2024 Marketing Calendar for Ecommerce: Sustainable Growth with the Four-Peaks Theory + Examples

Taylor Holiday

by Taylor Holiday

Dec. 28 2023

What drives your ecommerce growth?

That’s a huge question, I know. Before you answer, let me narrow down your options.

First, you’re only allowed to use data. Second, an either-or hypothesis: either it’s marketing strategies rooted in the stories your target audience already inhabits … or, your ad account.

For most ecommerce businesses, it’s the ad account. And that dependency on paid marketing activities creates an ugly catch-22, a codependent cycle littered with lower and lower returns.

How do you break free?

Answer: An ecommerce marketing calendar that makes the most of your peaks without interrupting cash flow in the valleys.

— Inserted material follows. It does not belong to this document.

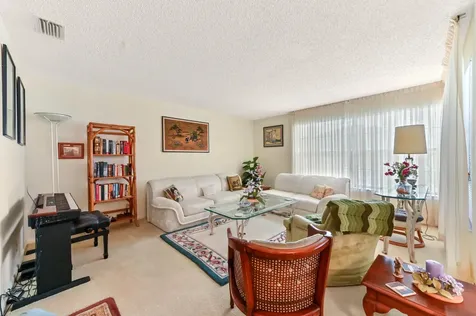 3385 Jog Park Drive Greenacres FL 33467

What Most Ecommerce Marketing Strategies Get Wrong

If you were to survey most ecommerce businesses, you’ll see they rely on a two-peaks revenue model and, therefore, a two-peaks content calendar.

Twice a year, marketing campaigns spike. These spikes center around the important Q4 holiday season plus an additional gifting moment — usually, Father’s Day, Mother’s Day, Valentine’s Day, etc.

In fact, you don’t have to survey anyone.

Because we own and operate multiple ecommerce brands, we can show you exactly what this looks like behind the scenes.

FC Goods sells hand-crafted, vintage baseball glove wallets. We acquired the brand in 2018 and saw a 15,500% ROI after we sold it in 2020 (seriously).

Its product is tailor-made for gifting. So, its calendar majored on two moments — and two moments only. Black Friday, Cyber Monday and Father’s Day:

the traditional marketing calendar for most ecommerce businesses include two peaks

Between those peaks lay valleys where ad spend, return on ad spend (ROAS), and overall growth declined.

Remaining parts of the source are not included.